## TRY IT:
Repeat exactly the lines below, from the line containing "Lightning Games logo" through the last line, both included. Leave out any pictures.

· · · · · · ·

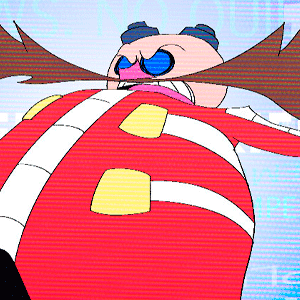 FNF VS Fandub Eggman 2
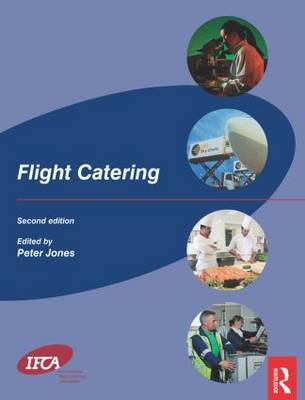 Flight Catering by Peter Jones image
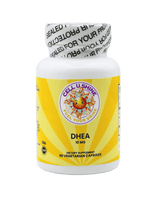 DHEA 10 mg - Hormonal Balance Support - Women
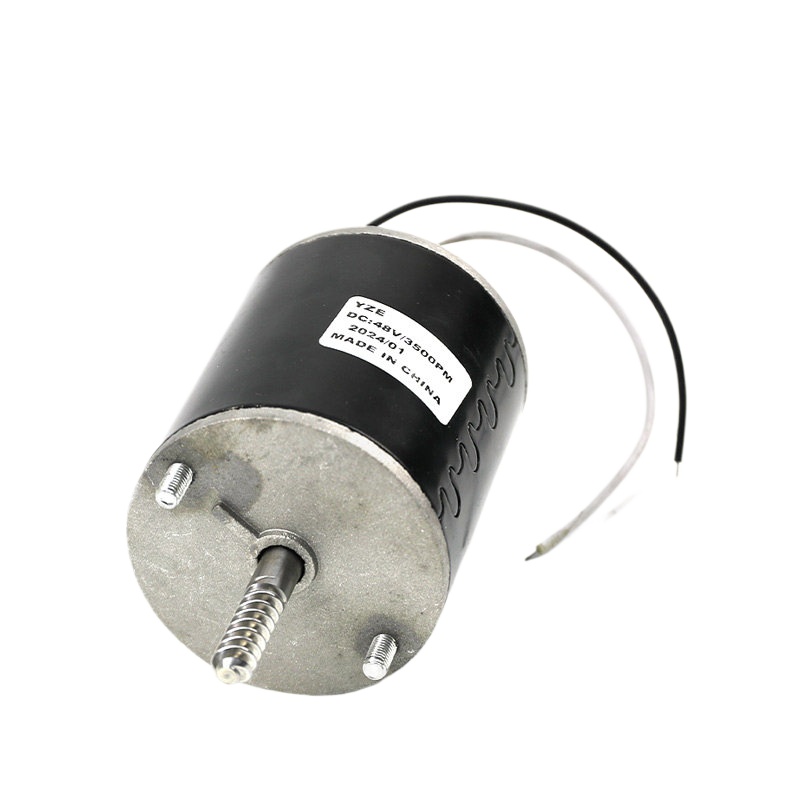Motor Gear Kecepatan Tinggi 48 - Crane Claw Motor ulasan dan harga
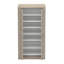 Shoes 21 Pair Shoe Storage Cabinet-107243313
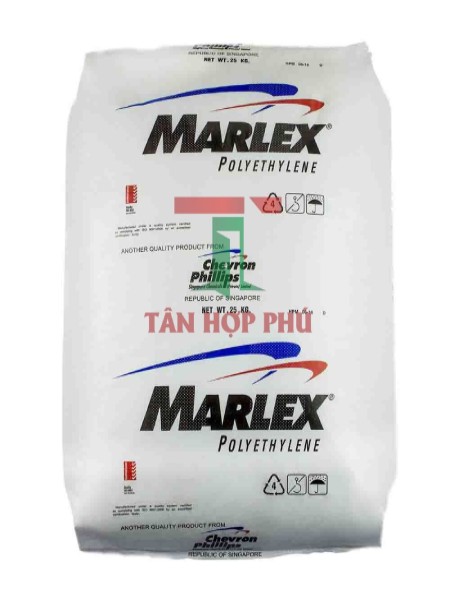 HDPE MARLEX HHM 5502-01ST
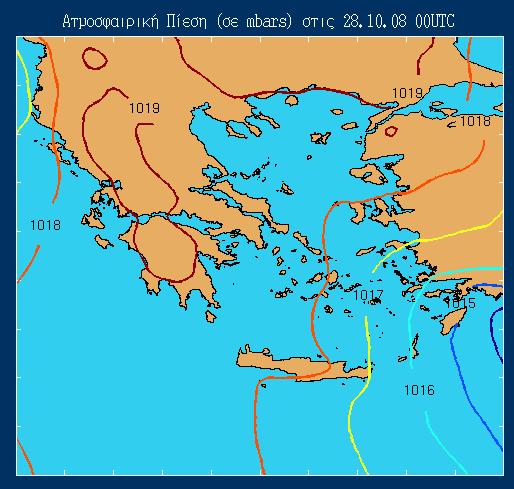 Ισοσταθμικές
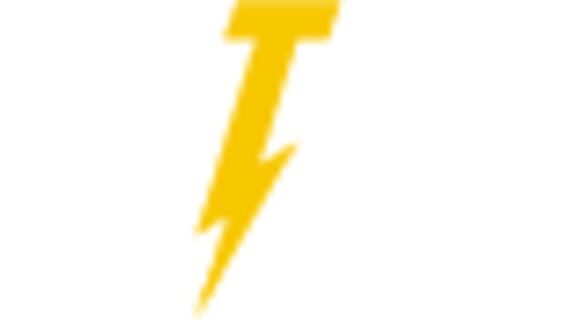 Lightning Games logo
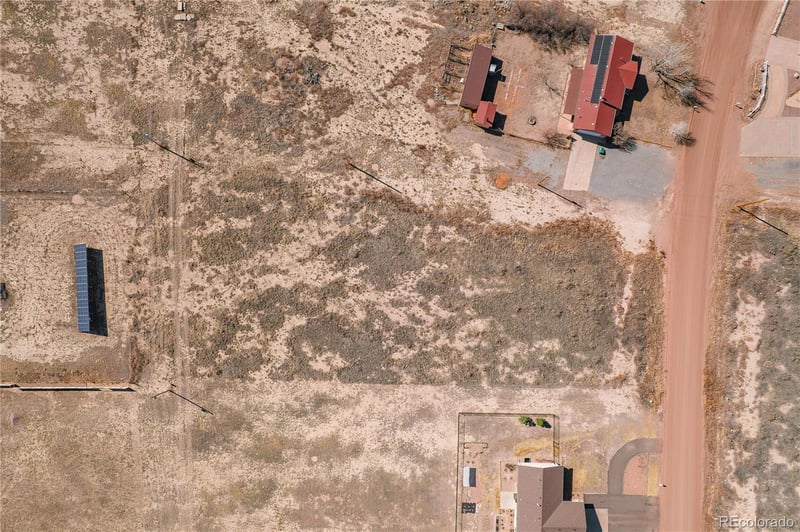 1464 Gem Dr, Pueblo, CO 81007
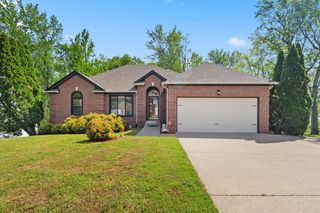 4100 New Hope Meadow Rd, Hermitage, TN 37076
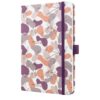 AGENDA SIGEL SPRING 135X203MM - 2025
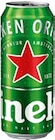 Premium Lager im Kaufland Prospekt Premium Lager von HEINEKEN im aktuellen Kaufland Prospekt für 1,29 €
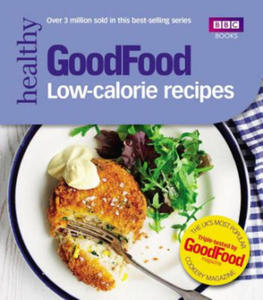 Good Food: Low-calorie Recipes - 2872356456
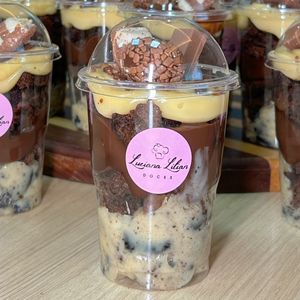 imagem do produto Copo oreobrownie 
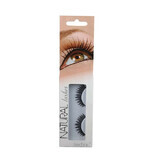 False eyelashes, Technic, Natural Lashes, glue included, A13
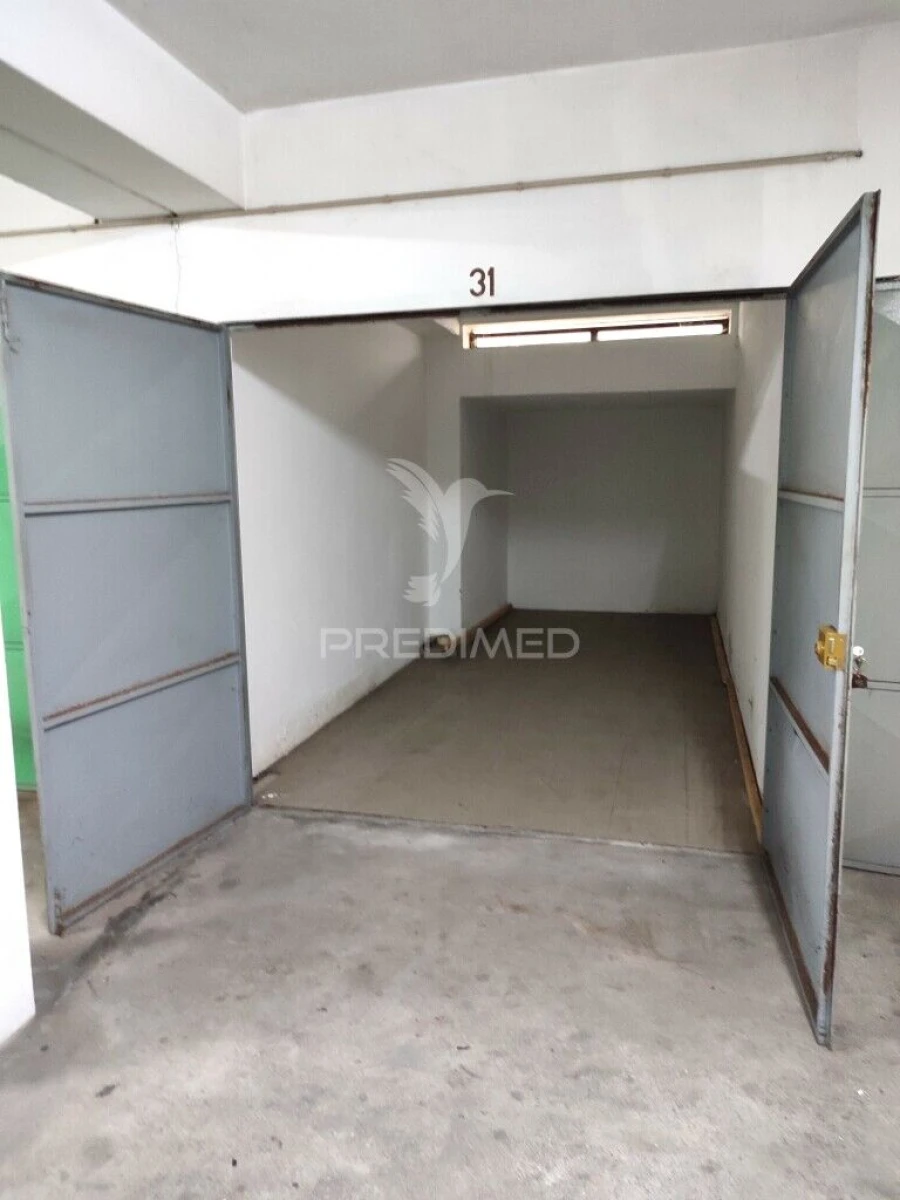 Garagem para Venda em Vila do Conde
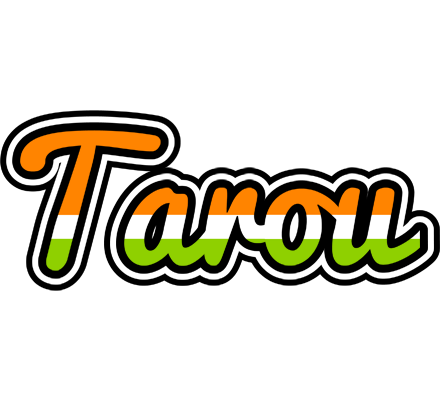 Tarou mumbai logo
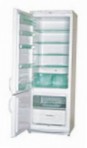 Snaige RF315-1513A GNYE Ledusskapis ledusskapis ar saldētavu pārskatīšana bestsellers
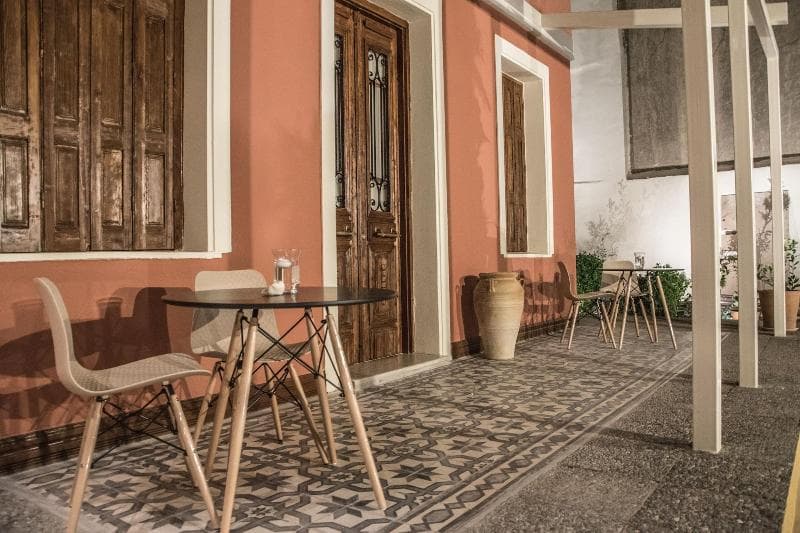 Porta Medina Boutique Hotel - Adults Only 3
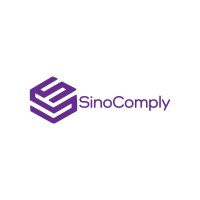 SinoComply Logo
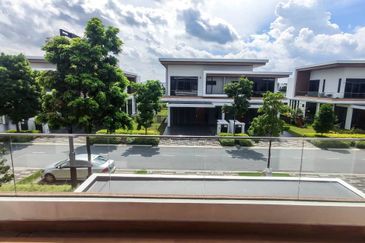 Monterey Residences @ Eco Sanctuary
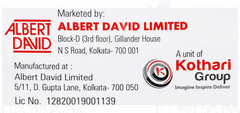 Alamin Liquid 200Ml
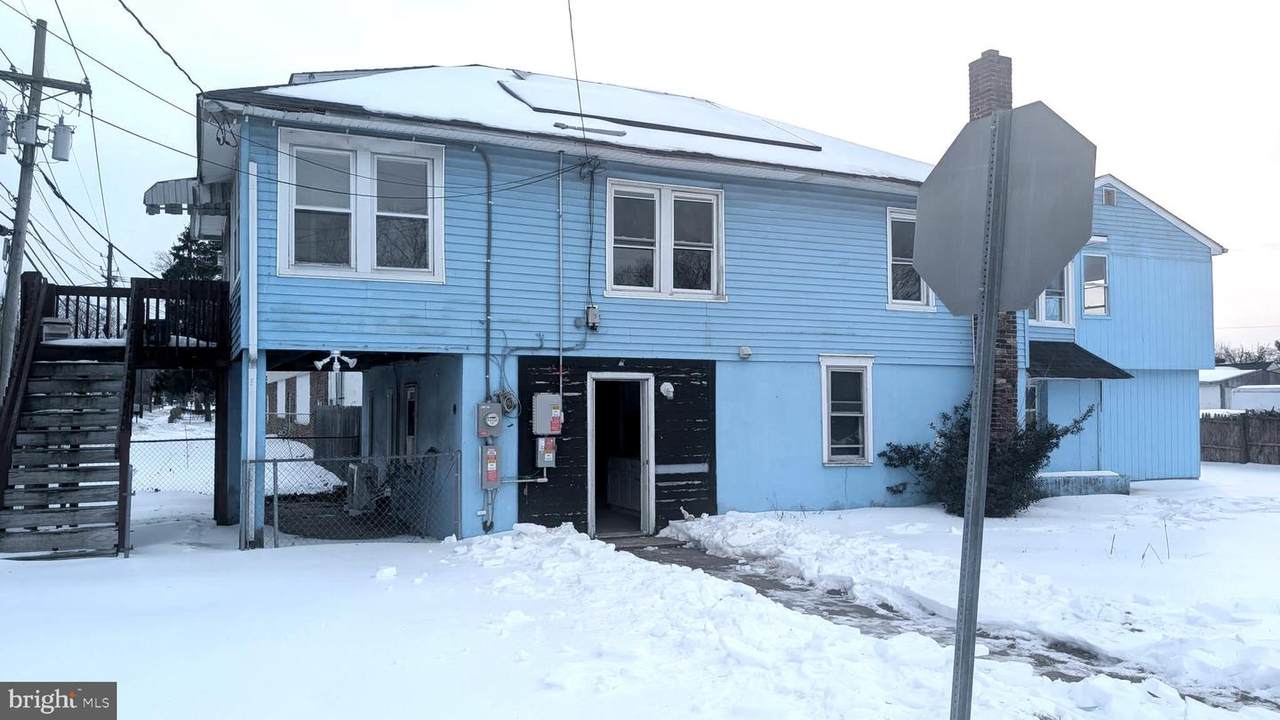 1430 Hurffville - Photo 1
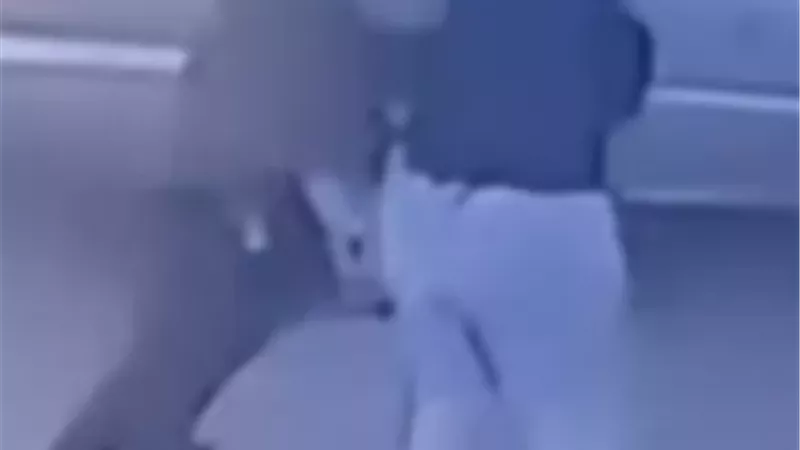 ضبط شخص تعدى على زوجته بسبب الخلافات بالشرقية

· · · · · · ·

## TASK SOLUTION:
 Lightning Games logo
 1464 Gem Dr, Pueblo, CO 81007
 4100 New Hope Meadow Rd, Hermitage, TN 37076
 AGENDA SIGEL SPRING 135X203MM - 2025
 Premium Lager im Kaufland Prospekt Premium Lager von HEINEKEN im aktuellen Kaufland Prospekt für 1,29 €
 Good Food: Low-calorie Recipes - 2872356456
 imagem do produto Copo oreobrownie 
 False eyelashes, Technic, Natural Lashes, glue included, A13
 Garagem para Venda em Vila do Conde
 Tarou mumbai logo
 Snaige RF315-1513A GNYE Ledusskapis ledusskapis ar saldētavu pārskatīšana bestsellers
 Porta Medina Boutique Hotel - Adults Only 3
 SinoComply Logo
 Monterey Residences @ Eco Sanctuary
 Alamin Liquid 200Ml
 1430 Hurffville - Photo 1
 ضبط شخص تعدى على زوجته بسبب الخلافات بالشرقية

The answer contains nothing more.